There was the usual smart aleck, wisecracking responses from East Union High’s freshman classes when senior Carolina Gutierrez was making her presentation.

They were too cool to be there. They had to be cool in front of their friends.

But when Gutierrez – also known as Miss Manteca – showed a video that outlined in vivid and gory detail some of the accidents that have been caused by people text messaging while behind the wheel, East Union’s black-box theater fell silent.

It was a telling response from a group of students – most of whom were there during either their health or driver’s education class periods – that grew up with a cell phone in their hand and seem more comfortable cramming a conversation into single syllables than actually talking on their hand-held devices.

“It’s something that’s very important because people that text while driving are 23 times more likely to get into an accident,” Gutierrez said. “I wouldn’t want that to happen to one of my friends, so I think that it’s good that young drivers know before they actually get behind the wheel.”

The presentation, which she ran as a project for Manteca Youth Focus with help from local insurance agent Kim Mello, included not only the video that showed the perils of texting and driving, but also spelled out a local story of a girl from Oakdale that died in an accident.

Amanda Clark had already survived an accident where she rolled her vehicle, Gutierrez told the crowd of students, and the experience led her to believe that since she had already survived one accident that it wouldn’t happen to her again.

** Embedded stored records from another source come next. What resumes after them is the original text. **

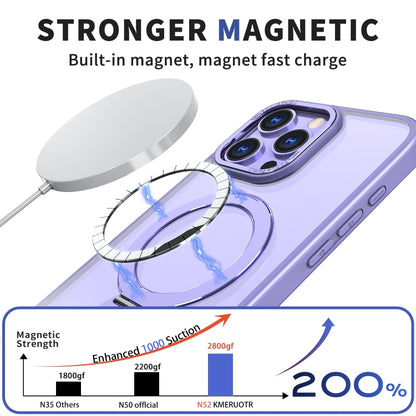 For iPhone 16 Wing Series Gen2 MagSafe Metal Ring Holder Phone Case(Light Purple) - iPhone 16 Cases by buy2fix | Online Shopping UK | buy2fix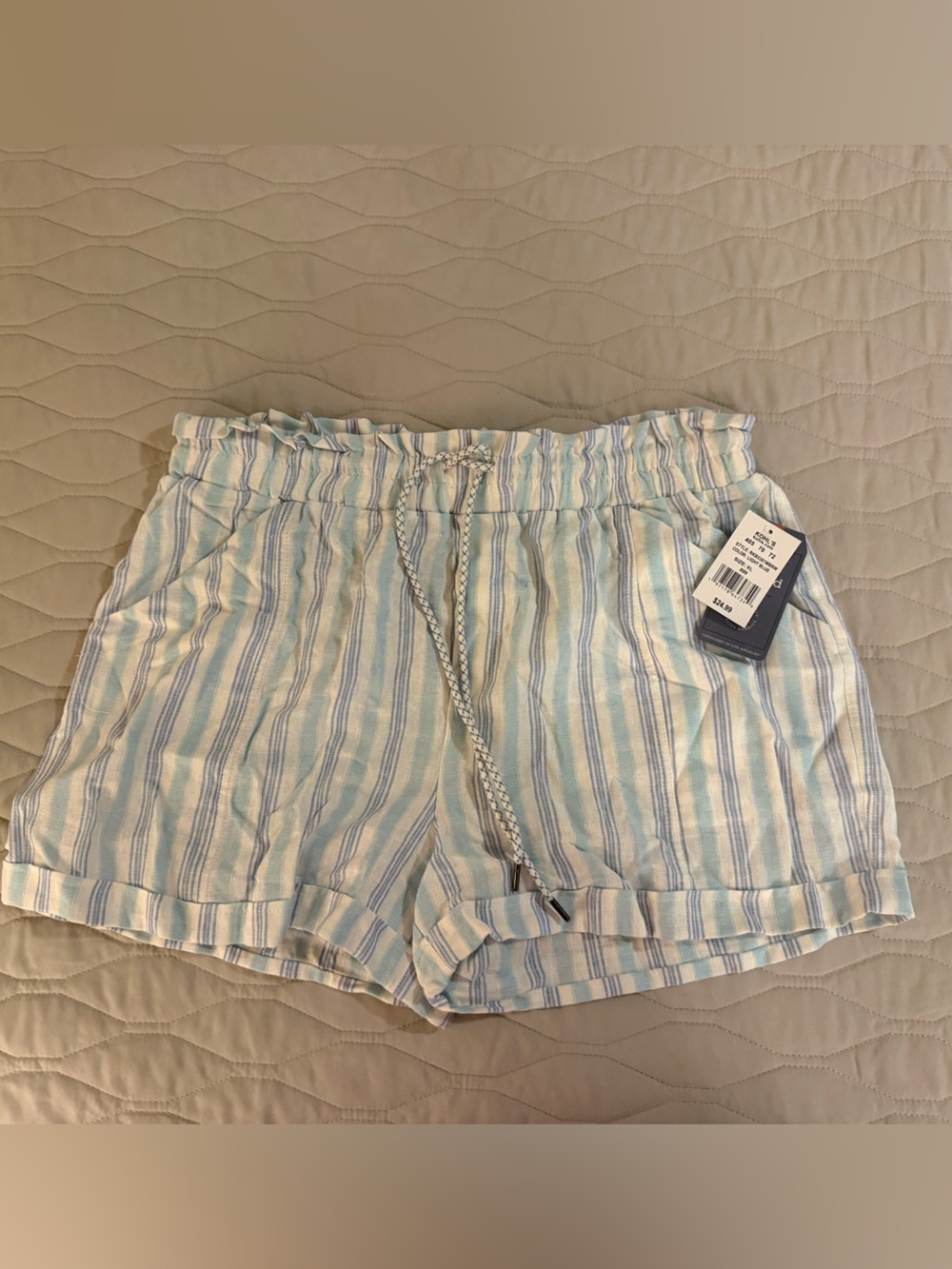 Kohl's Blue and White Striped Drawstring linen blend Shorts
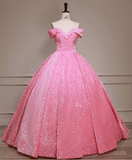 New Hot Pink Quinceanera Dresses Sequin Off The Shoulder Ball Gown Wedding Dress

She lost control while taking a curve and looking at her phone and was killed. Now her parents are using her story as a cautionary tale for young drivers to put their phones away when they climb behind the wheel.

Students got the opportunity to take a pledge that they wouldn’t text while driving and sign a massive banner – donated by Cal Plastics – that will be displayed at the school.

They also got the chance to wear goggles that mimicked what it’s like to be behind the wheel and intoxicated since texting while driving is comparable, police say, to driving while legally drunk because of the lack of focus on the road. Just five seconds of looking away at 55 miles per hour, Gutierrez pointed out, allows a car to travel the length of a football field without the driver paying attention to what is in front of them.

“I’m never going to text and drive,” freshman Kennedy Goodwin said. “I couldn’t see anything with those goggles on. You could definitely see the effects.”

Manteca Police Department School Resource Officer Sean Cavin was on hand to lead the students through the impaired driving exercises and couldn’t say enough about Gutierrez’ undertaking.

Hearing from one of their own about the dangers, he said, might actually get the word across that texting while behind the wheel is deadly.

“It’s promising that the kids are getting it,” Cavin said. “Sometimes hearing it from an adult it doesn’t register, but hearing it from one of their peers is completely different. It’s great that this is something that she has taken on, and it’s a great presentation with a message that needs to get across.”